But in investigating how the staff actually got these documents, the CIA was monitoring or searching the staff's computer network, a dedicated computer network for the staff. And that's where Senator Feinstein is saying that the CIA overstepped, constitutionally overstepped, violated the separation of powers by secretly spying on Senate investigators. And if her version of events is correct, she's absolutely right. I mean, that would be a crisis of constitutional proportions if that's really what the executive branch did.
And, as you say, all of this kerfuffle is over a document that potentially reveals very serious, potentially criminal wrongdoing by the CIA. So you can see why the stakes are so high.
JAY: And, again, John Brennan was part of this when he was in the CIA in the early 2000s.
Now, this document, the 6,300 pages, if it went public, a lot of this would become clear. It's been suggested that President Obama has not declassified this document, because even though he claims or says he's in support of declassifying it, he seems to neglect the fact that he's the one that could do it. Of course, the Senate could do it, too, but it's a far more complicated process.
GOITEIN: That's exactly right. I mean, the president without question has the ability to declassify the report in a minute. All he would have to do is sign a piece of paper, essentially. He could declassify the report.
At that point, it would become very hard for the Senate Intelligence Committee to claim some kind of reason to continue to keep the report non-public. That would sort of remove any possible excuse for the committee to keep the report secret.
But right now--but the president has not done that. Right now the Senate Intelligence Committee's rules allow it to declassify the document, but the president, the executive branch, does not recognize the committee's authority to do that. So that would be picking a huge fight if the committee were to do that. And, also, there are members of the committee who don't want this report to be public. And so it's not clear that there would even be the votes on the committee to get the report out there.
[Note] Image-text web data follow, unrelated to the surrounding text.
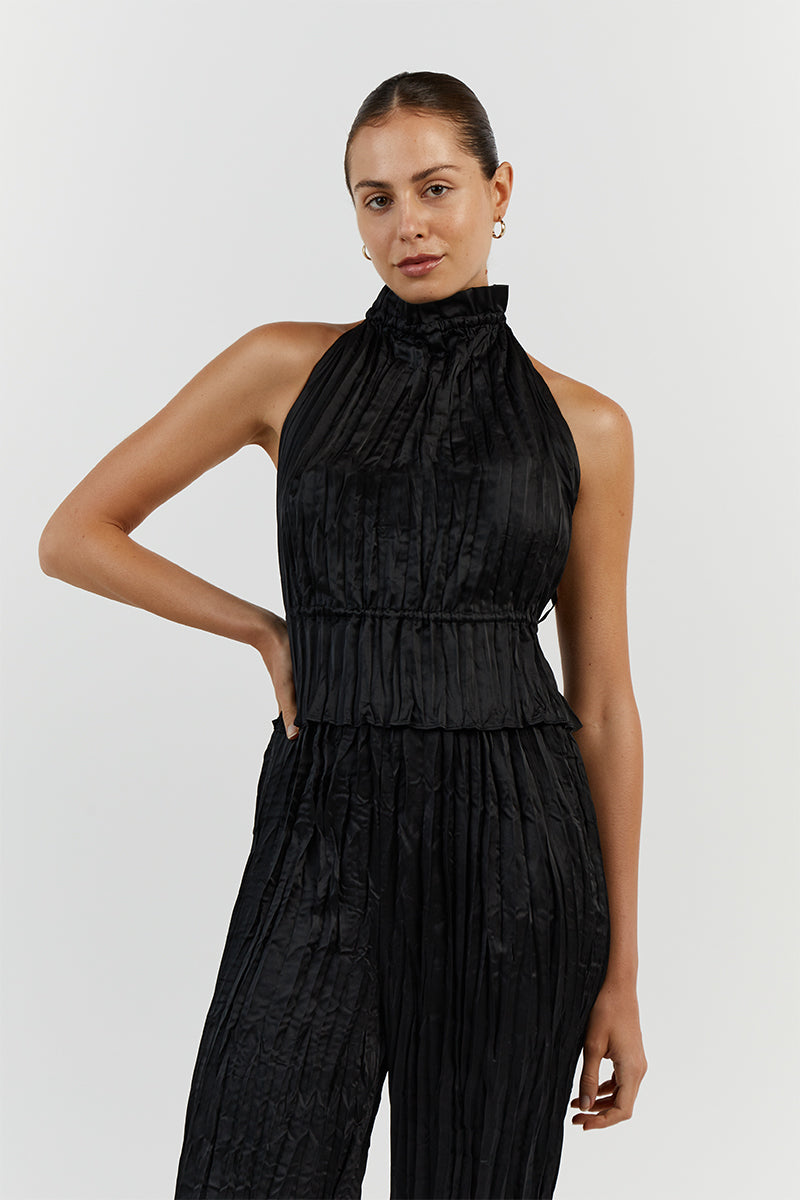 CORI BLACK HIGH NECK CRINKLE TOP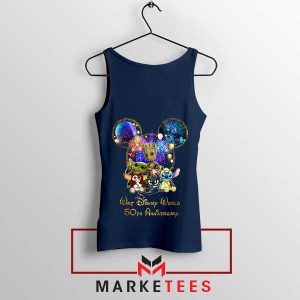 Baby Yoda and Friends Disney Anniversary Navy Tank Top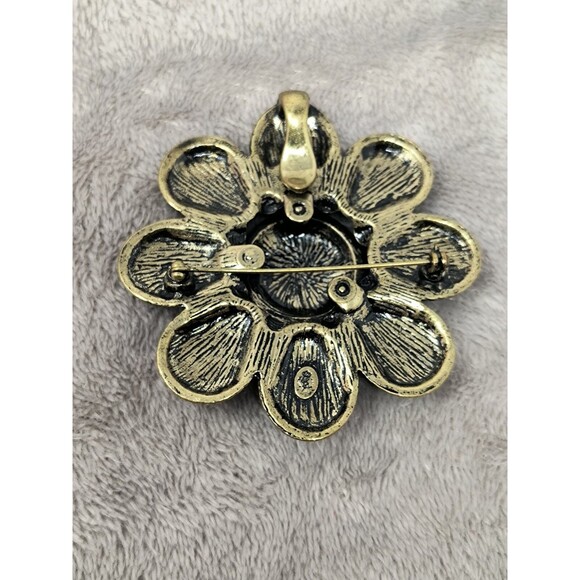 Vintage Premier Designs Large Brass Boho White Gray Marbled Brooch Pin Pendant - Picture 3 of 4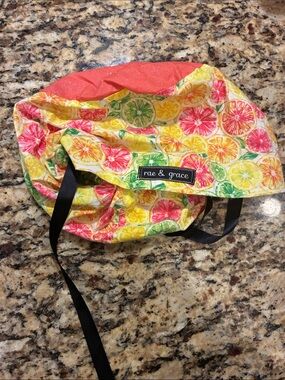 Citrus Print Scrub Hat - Yellow/Green/Pink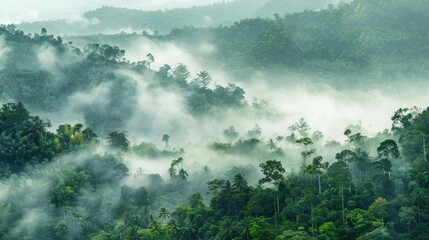misty morning in the mountains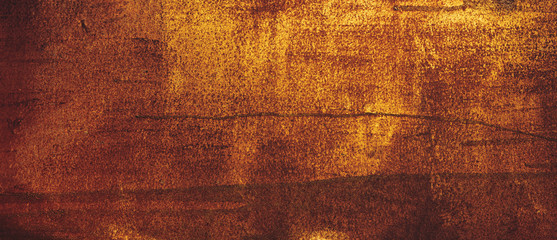 Empty rusty corrosion and oxidized background, panorama, banner. Grunge rusted metal texture. Worn...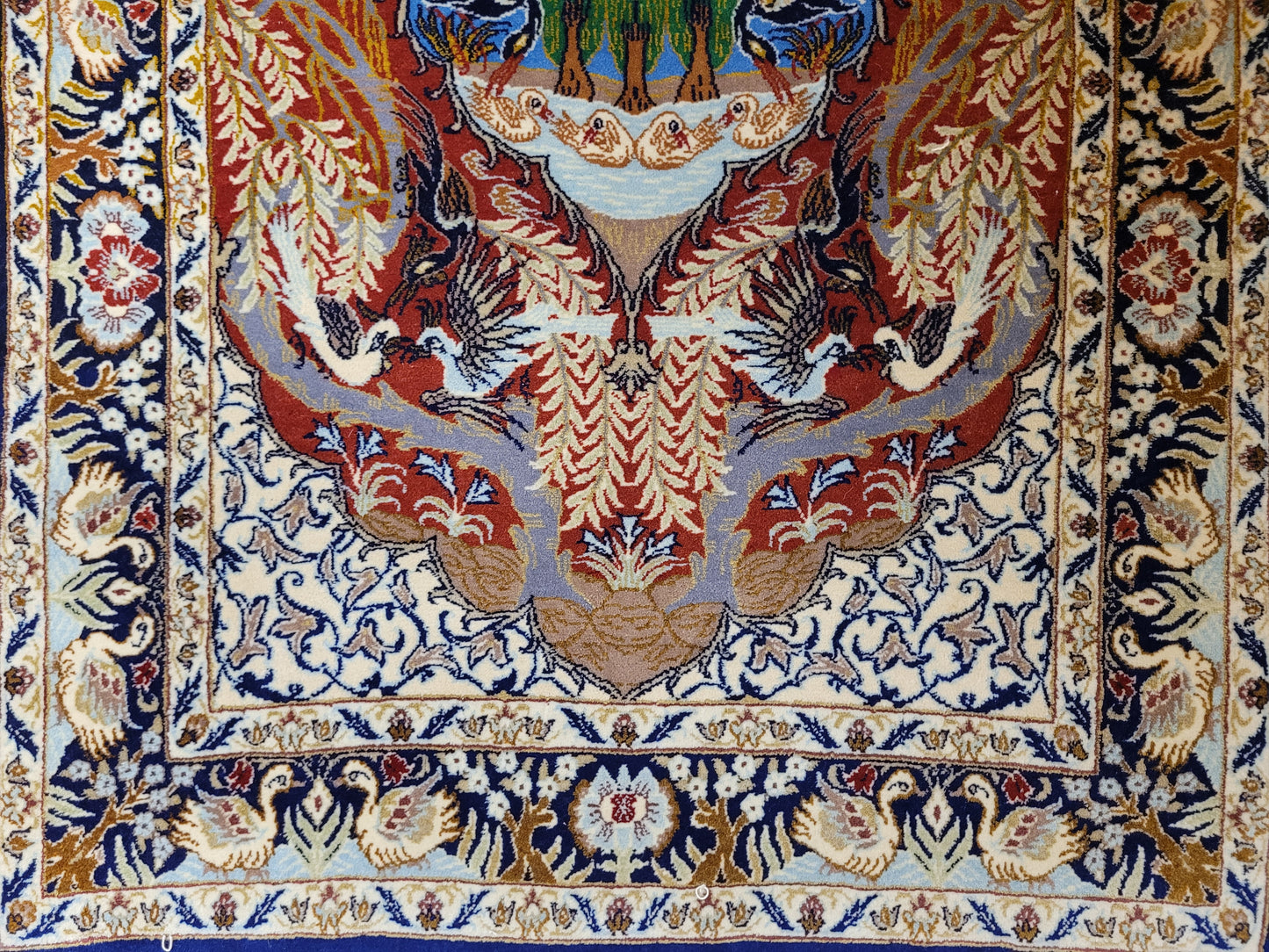 Isfahan Teppich Korkwolle Seide feine Knüpfung Bildmotiv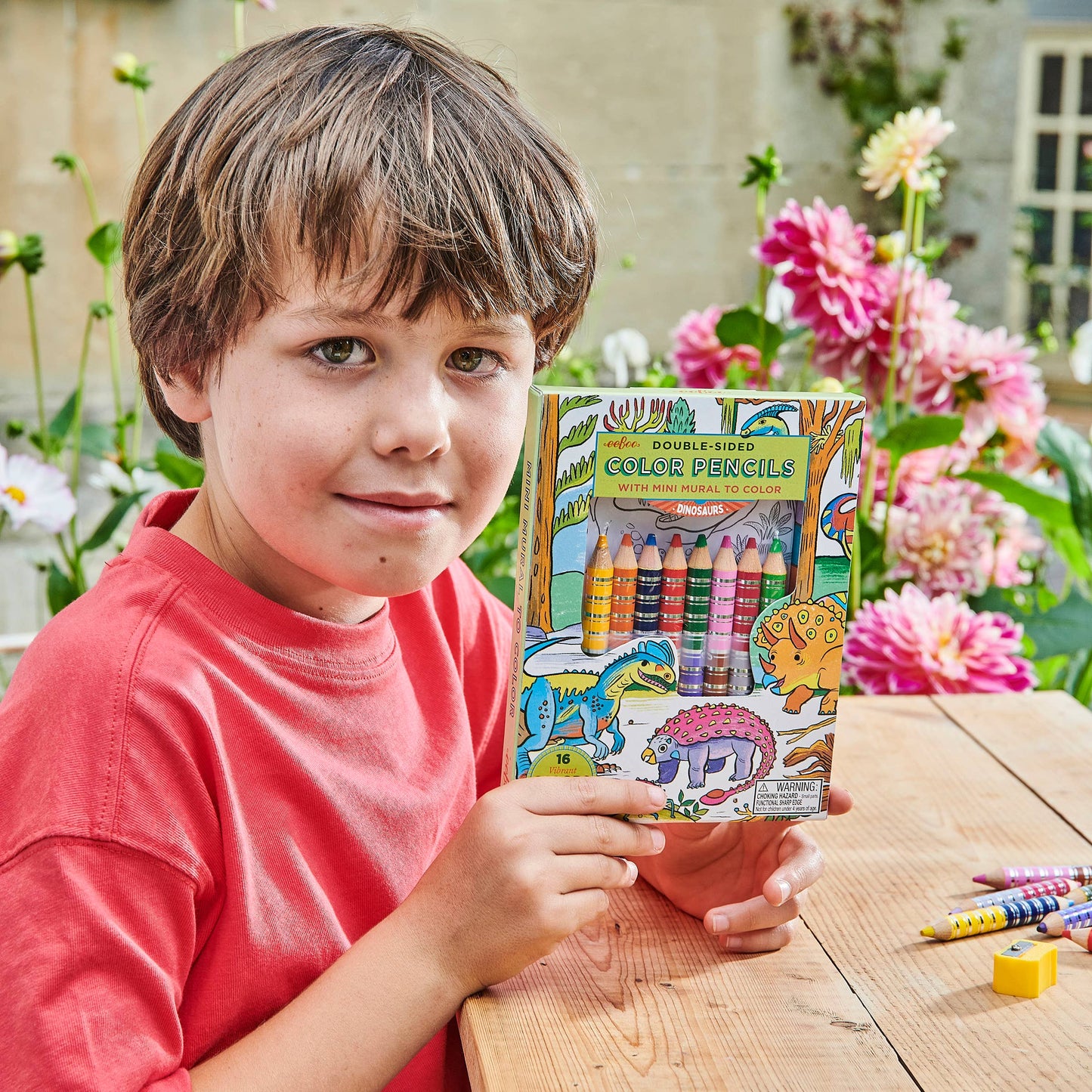 eeBoo - Dinosaur Biggie Pencils with Fold-Out Mini Mural Bundle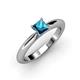 4 - Akila Princess Cut Blue Diamond Solitaire Engagement Ring 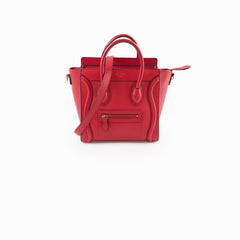 Celine Nano Luggage Tote Bag Red
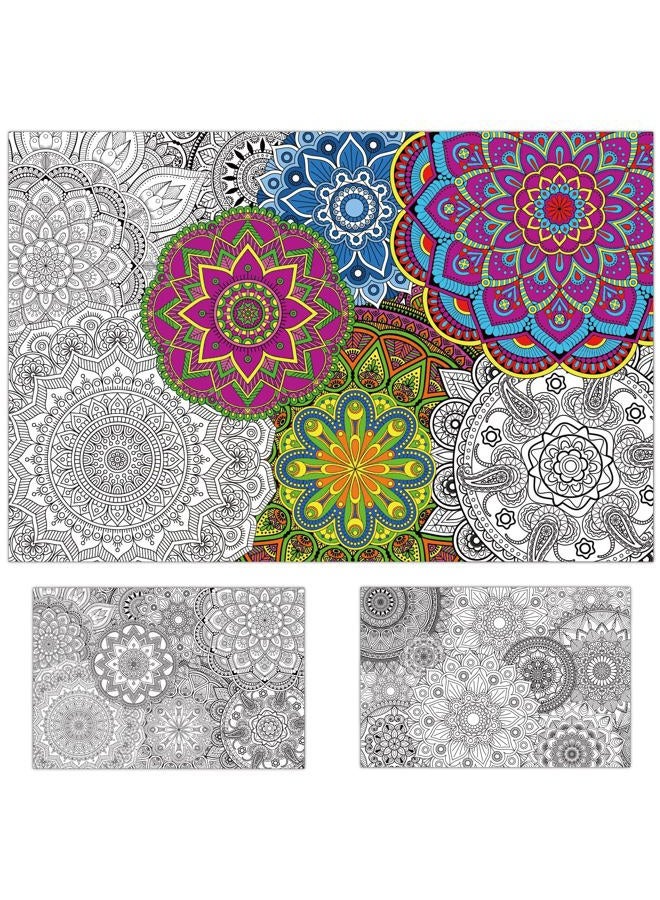 Tevxj 2 Pack Giant Mandala Coloring Posters 39" x 26" Jumbo Mandala Coloring Page for Kids Teens Adults Large Coloring Tablecloth Huge Art Craft Activity for Spring Classroom Wall Party Supplies Favor - Image 1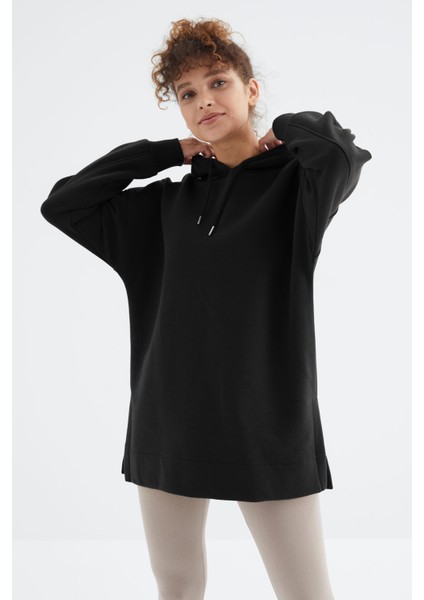 Siyah Reglan Kol Basic Kapüşonlu Oversize Tunik - 97242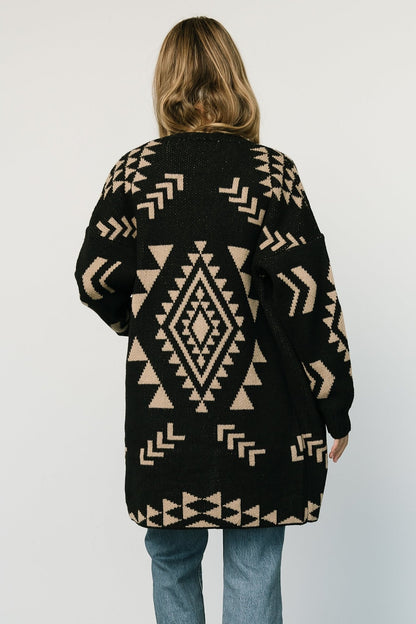 Hays Oversized Cardigan | Black + Tan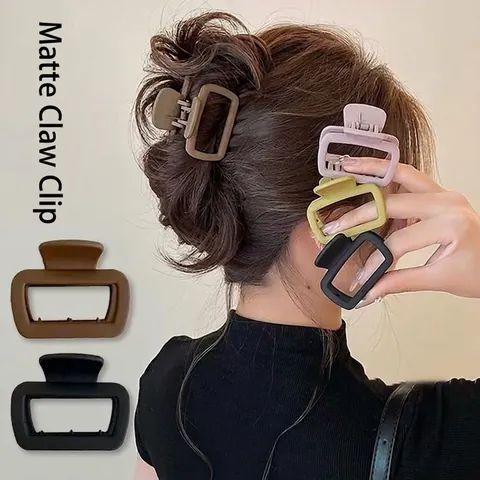 Pinces À Cheveux Mat Petit Rectangulaire Creux Carré Antidérapant Acrylique Épingles Pour Femmes Filles Coiffage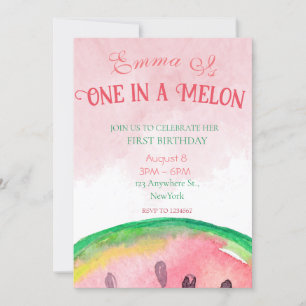 One in a melon 1st birthday invitations with photo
JAY: Does it have to be unanimous?
GOITEIN: That's a good question. I don't think so, but I could be wrong.
JAY: Yeah, we're checking into that rule. But someone who was involved in it told us it has to be unanimous, so it makes it even more difficult.
GOITEIN: Interesting. Yeah.
JAY: We may be wrong. We're checking that.
But let's go back to Feinstein in all of this. You know, people on the Hill and people in the know have practically considered Dianne Feinstein a mole of the CIA on the Hill because she's been so pro-CIA, protecting them on all the intelligence gathering and various things. Now she's--some of the language she's using couldn't be stronger. Why is she finally standing up to the CIA this way?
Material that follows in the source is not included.